SOURCE RECORDS →

---------------

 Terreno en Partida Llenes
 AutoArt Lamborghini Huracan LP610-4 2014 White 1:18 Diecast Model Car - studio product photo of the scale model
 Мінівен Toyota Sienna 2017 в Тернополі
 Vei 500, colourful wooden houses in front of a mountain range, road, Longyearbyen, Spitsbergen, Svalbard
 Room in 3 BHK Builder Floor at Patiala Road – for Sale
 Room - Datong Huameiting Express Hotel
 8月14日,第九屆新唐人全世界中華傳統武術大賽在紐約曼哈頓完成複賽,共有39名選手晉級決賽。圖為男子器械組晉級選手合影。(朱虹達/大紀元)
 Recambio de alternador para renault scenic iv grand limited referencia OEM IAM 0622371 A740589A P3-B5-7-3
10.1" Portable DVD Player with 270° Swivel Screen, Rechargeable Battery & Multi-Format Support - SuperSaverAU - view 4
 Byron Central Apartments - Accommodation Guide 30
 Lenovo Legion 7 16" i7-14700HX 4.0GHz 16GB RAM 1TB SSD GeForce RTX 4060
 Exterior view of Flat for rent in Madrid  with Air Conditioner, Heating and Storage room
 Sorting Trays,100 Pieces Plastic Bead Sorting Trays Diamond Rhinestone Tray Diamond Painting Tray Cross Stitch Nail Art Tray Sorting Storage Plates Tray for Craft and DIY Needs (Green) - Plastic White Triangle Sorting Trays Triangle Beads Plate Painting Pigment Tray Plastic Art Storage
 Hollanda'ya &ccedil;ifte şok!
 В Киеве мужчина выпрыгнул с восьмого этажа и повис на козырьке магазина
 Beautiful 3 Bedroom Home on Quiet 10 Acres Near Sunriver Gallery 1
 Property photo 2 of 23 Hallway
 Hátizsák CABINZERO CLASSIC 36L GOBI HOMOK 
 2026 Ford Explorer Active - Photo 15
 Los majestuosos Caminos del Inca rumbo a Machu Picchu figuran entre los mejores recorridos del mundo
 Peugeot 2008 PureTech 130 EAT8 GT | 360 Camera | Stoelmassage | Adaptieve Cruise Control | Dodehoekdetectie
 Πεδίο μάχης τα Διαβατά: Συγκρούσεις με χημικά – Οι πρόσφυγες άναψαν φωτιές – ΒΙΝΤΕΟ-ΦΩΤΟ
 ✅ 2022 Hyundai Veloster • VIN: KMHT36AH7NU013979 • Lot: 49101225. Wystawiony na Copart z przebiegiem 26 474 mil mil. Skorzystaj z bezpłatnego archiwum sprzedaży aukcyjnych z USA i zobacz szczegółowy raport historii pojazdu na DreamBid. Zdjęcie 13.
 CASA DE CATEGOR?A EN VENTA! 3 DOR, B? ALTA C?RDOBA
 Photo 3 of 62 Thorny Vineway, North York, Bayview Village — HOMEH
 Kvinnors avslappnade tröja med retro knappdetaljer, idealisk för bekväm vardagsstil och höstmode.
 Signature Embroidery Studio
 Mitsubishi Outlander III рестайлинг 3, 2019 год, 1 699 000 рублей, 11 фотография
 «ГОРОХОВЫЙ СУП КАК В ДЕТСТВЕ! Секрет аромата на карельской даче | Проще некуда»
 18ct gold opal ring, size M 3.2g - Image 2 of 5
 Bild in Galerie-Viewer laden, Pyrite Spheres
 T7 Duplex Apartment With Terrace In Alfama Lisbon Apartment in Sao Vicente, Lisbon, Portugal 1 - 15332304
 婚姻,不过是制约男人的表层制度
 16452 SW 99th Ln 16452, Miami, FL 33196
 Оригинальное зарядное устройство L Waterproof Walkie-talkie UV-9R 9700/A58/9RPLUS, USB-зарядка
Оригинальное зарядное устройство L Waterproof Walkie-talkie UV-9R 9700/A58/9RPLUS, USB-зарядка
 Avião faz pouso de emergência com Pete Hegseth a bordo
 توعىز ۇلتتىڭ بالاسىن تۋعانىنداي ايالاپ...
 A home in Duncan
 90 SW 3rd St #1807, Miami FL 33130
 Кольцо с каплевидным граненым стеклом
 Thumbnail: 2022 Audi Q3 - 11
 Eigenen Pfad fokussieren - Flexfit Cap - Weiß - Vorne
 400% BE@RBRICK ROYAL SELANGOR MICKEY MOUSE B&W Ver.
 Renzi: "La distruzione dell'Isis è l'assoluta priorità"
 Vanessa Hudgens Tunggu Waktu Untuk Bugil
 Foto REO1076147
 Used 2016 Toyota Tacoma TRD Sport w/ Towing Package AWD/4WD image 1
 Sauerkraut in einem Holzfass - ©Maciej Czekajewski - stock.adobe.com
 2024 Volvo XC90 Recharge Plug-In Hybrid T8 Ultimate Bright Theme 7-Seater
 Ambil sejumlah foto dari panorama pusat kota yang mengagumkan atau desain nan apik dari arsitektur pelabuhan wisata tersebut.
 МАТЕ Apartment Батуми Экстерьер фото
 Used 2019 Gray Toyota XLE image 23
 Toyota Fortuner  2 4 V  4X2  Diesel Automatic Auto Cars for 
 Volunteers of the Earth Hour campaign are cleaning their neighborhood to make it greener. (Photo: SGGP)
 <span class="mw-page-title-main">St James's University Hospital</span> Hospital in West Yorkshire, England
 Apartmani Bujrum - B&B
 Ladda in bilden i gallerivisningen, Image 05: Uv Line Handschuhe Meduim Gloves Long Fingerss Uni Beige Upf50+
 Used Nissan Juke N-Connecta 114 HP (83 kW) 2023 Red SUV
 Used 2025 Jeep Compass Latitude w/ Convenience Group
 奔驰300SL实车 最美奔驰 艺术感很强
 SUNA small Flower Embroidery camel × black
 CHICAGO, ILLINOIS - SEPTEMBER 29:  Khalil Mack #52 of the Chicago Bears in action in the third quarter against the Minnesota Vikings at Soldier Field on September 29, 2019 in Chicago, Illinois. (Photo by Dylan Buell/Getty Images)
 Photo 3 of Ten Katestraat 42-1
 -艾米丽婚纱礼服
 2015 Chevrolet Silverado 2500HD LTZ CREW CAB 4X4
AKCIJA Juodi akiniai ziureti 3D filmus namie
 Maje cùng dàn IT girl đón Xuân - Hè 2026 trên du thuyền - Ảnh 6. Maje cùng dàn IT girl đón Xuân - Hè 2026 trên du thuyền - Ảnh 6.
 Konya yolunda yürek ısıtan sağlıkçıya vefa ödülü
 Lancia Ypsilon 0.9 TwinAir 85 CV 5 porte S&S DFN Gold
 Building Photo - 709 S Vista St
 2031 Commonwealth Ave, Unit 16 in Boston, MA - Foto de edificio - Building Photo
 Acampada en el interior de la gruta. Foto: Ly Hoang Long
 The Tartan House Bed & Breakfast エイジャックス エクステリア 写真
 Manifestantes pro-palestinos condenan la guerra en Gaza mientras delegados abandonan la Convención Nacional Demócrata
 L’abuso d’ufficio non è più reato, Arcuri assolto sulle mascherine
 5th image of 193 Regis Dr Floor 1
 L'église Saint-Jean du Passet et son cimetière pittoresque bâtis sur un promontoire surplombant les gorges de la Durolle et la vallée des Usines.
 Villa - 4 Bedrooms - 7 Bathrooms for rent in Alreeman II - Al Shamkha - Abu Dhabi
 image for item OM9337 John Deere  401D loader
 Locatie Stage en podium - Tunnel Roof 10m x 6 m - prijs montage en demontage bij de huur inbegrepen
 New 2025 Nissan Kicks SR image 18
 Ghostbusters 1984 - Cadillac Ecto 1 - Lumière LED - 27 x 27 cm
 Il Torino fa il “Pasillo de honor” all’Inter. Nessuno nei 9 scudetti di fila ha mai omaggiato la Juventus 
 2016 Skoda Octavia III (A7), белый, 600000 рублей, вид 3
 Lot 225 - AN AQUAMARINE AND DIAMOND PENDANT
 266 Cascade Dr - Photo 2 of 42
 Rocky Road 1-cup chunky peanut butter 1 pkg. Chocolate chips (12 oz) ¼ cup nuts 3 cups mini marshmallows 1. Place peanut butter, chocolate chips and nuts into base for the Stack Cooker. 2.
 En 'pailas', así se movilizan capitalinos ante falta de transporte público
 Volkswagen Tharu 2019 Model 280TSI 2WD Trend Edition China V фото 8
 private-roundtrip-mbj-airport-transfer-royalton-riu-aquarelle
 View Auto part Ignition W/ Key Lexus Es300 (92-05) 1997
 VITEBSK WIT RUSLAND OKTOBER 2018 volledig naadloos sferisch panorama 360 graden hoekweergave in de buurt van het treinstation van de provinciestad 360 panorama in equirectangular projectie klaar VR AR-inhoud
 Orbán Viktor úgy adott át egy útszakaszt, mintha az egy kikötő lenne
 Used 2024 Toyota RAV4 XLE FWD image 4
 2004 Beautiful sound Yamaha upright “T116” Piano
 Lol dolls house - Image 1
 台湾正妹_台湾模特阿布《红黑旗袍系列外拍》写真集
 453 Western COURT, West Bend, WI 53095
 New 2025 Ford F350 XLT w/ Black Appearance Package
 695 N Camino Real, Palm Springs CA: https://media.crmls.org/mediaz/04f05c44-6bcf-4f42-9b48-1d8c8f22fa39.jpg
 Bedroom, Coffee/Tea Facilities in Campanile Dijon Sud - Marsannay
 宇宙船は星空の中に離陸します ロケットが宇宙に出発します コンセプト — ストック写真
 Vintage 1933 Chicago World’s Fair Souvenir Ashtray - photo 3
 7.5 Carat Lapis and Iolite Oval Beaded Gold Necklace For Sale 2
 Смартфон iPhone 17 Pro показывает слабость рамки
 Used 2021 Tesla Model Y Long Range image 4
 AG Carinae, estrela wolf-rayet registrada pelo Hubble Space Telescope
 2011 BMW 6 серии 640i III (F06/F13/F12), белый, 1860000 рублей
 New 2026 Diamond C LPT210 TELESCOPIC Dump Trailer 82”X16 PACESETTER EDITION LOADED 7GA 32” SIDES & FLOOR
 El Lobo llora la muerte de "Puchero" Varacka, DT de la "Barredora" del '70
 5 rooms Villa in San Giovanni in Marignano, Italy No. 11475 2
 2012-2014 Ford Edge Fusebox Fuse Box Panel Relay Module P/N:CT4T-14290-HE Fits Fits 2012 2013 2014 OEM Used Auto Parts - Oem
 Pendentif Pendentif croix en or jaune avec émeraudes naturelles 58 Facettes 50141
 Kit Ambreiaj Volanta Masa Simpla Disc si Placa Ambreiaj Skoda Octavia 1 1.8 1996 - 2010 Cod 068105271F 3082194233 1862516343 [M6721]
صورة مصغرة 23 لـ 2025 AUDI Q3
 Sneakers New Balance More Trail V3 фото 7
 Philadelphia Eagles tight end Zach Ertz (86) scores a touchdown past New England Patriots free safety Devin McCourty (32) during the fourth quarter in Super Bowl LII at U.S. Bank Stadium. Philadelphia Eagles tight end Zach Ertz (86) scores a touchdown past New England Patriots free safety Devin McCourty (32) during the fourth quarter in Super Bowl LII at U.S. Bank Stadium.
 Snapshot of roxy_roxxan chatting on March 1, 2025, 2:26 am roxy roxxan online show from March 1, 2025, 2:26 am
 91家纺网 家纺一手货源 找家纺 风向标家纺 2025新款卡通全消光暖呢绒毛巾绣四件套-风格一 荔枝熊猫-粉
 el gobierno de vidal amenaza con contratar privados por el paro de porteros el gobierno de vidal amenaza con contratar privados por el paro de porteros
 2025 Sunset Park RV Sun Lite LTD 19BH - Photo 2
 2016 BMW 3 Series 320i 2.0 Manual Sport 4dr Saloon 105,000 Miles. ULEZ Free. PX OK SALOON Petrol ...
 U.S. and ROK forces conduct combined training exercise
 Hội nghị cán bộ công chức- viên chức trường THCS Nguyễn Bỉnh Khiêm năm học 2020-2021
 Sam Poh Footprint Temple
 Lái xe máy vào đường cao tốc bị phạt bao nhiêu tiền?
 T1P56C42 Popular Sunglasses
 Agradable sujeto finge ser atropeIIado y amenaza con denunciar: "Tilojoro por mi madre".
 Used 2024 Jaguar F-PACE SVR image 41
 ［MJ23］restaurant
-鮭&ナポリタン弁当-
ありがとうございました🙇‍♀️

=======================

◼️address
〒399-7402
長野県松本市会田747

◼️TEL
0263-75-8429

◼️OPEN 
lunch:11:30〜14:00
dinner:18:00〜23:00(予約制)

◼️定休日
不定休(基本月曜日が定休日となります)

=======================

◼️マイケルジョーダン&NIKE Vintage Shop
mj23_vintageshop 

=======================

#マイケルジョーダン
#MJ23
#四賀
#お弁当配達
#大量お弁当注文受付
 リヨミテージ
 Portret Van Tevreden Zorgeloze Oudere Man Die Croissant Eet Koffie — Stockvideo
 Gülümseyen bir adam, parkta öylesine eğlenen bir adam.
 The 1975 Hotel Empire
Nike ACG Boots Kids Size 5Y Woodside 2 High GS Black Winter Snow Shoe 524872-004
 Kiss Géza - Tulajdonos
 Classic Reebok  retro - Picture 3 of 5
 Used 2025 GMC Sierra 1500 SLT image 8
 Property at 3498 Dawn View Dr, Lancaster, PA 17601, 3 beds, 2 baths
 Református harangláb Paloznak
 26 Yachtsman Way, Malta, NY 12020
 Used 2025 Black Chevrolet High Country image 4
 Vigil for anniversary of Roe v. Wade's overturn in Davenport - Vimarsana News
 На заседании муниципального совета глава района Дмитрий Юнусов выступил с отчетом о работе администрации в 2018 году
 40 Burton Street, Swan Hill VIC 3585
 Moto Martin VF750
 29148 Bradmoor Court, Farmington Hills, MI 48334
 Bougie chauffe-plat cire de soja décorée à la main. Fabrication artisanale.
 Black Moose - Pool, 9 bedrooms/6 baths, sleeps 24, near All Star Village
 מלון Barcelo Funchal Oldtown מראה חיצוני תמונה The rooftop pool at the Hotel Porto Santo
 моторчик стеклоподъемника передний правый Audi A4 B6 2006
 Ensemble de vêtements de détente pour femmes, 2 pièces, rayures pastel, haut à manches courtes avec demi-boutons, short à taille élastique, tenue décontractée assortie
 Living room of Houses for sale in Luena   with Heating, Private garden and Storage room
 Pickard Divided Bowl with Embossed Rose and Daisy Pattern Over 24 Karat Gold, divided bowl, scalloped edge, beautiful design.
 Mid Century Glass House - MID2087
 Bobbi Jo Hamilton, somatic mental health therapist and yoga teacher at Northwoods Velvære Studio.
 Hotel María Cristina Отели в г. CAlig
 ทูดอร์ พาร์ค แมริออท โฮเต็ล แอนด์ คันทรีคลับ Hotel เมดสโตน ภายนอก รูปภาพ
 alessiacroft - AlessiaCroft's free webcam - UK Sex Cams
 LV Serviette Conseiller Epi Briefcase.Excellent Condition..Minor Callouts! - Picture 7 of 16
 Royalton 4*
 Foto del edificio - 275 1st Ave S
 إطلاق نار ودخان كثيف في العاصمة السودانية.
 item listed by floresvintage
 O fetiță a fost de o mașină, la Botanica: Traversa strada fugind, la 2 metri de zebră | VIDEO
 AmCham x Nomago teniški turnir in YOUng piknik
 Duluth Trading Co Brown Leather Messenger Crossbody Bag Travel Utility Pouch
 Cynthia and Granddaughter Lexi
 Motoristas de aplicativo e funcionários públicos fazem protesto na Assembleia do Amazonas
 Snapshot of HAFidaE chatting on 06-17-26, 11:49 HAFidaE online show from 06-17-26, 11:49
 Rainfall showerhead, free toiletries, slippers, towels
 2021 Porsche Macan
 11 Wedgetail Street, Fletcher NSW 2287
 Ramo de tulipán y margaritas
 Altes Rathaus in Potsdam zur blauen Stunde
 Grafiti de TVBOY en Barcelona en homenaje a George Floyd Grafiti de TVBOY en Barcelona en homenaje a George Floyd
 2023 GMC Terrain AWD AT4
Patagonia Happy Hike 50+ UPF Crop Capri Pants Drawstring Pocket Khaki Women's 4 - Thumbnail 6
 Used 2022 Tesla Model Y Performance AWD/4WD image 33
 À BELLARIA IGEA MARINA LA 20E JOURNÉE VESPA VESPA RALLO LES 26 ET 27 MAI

---------------

EXERCISE INSTRUCTIONS → Go through the listing above and find each line containing the string "Walkie"; copy those lines.

WORKED SOLUTION →
 Оригинальное зарядное устройство L Waterproof Walkie-talkie UV-9R 9700/A58/9RPLUS, USB-зарядка
Оригинальное зарядное устройство L Waterproof Walkie-talkie UV-9R 9700/A58/9RPLUS, USB-зарядка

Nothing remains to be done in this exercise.